Das Reich ist frei, es übe seine Wahl;
Denn ich verzichte, lasse hier Würde,
So mir die Zeit der Kriegsverwirrung gab.
Den Kaiser traf ein harter Doppelbann
Der Kirche und des Volks; es ist der Brand,
Den er entzündet, ausgelöscht. Er selbst
Erwartet euern Spruch. So laßt mich gehn.
Ich habe manch Geschäft mit mir zu ordnen,
Und fühle mich nicht werth, noch unerzogen,
Der Königspflicht ein ungewöhnter Schüler.
Schont meiner Jugend, daß sie nicht erröthe;
Der Purpur auf der Wange duldet nicht
Den auf der Schulter. Dieser Kreis umfaßt
So viele würdige, thatgestählte Männer,
Der Kraft und Weisheit allerkannte Muster.

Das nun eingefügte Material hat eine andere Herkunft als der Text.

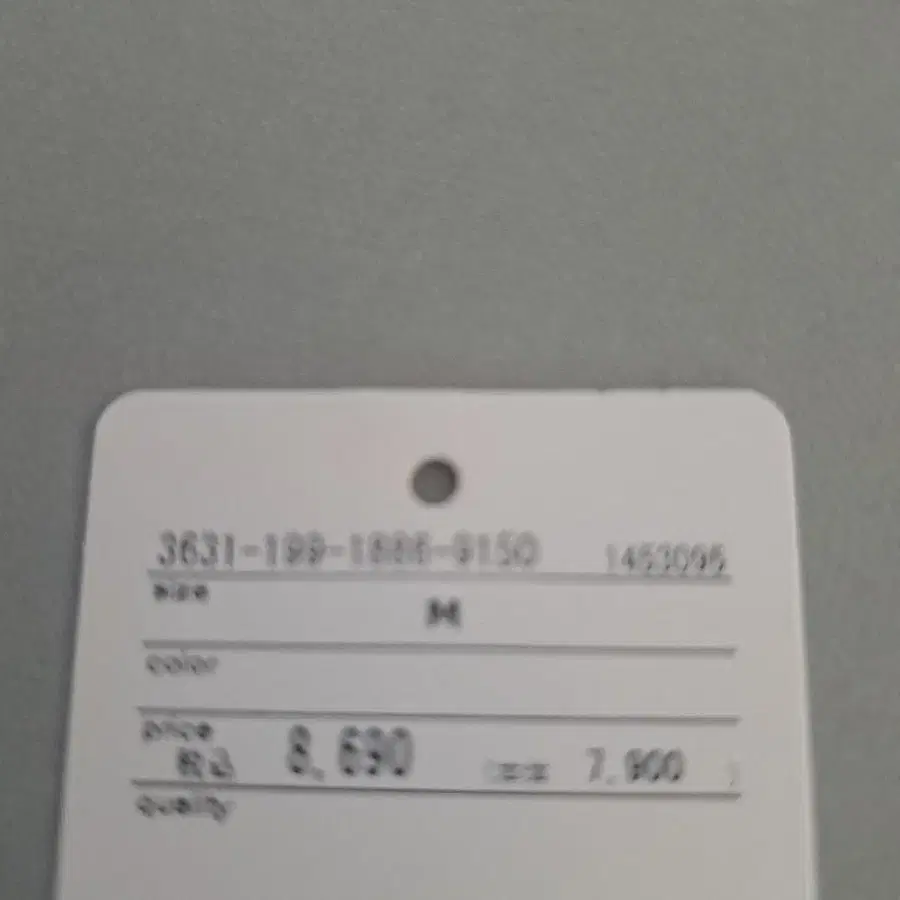 5번째 상품 이미지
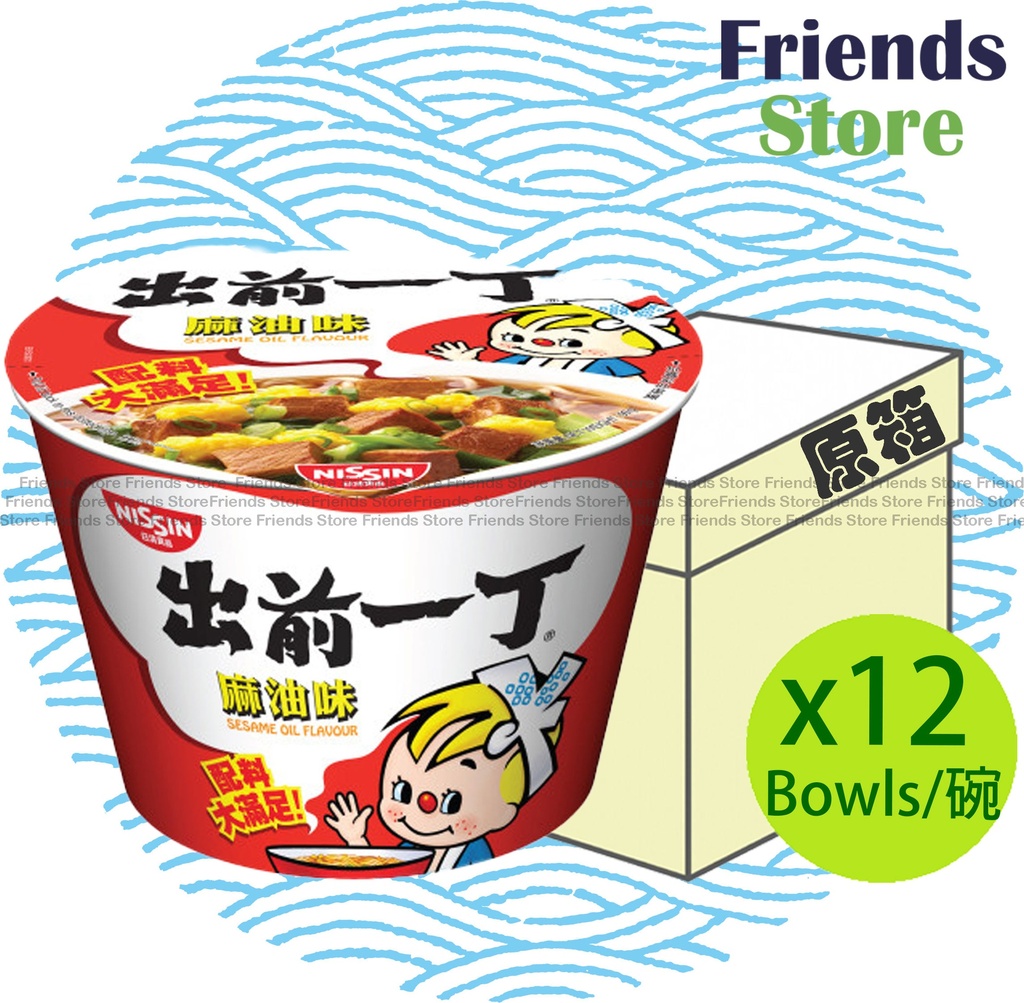 [400114G2F] Nissin - [Full Case] Demae Iccho <Bowl碗麵> Noodles Sesame Oil Flavour (90g X 12)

Was bin ich unter euch? Gebt mir den Schemel
An eurer Seite, daß ich lernen mag,
Und stellt mich als den letzten in die Reihe,
Wo Werth und Alter gleiche Stelle nehmen.
Rothard.
Du schiebst verschmähend weg, was du genommen,
Wofür du selbst mit uns die Waffen trugst?
Heinrich.
Nein, Bischof, nicht für dies ward ich Genoß
In diesem Werk. Was war denn unser Ziel?
Das deine? Wer erkennt es mehr als du?
Das Reich aus des Gebannten Macht zu nehmen,
Den Fluch des Einen Haupts von vielen wenden.
Es ist gethan. Einst hast du mich gekrönt.
Es war nur eine Probe, die ich nicht
Bestehen kann; so legt man einem Kinde
Lächelnd den Kranz der Braut ins goldne Haar,
Die Stirn umbindend, eh' sie vollgereift.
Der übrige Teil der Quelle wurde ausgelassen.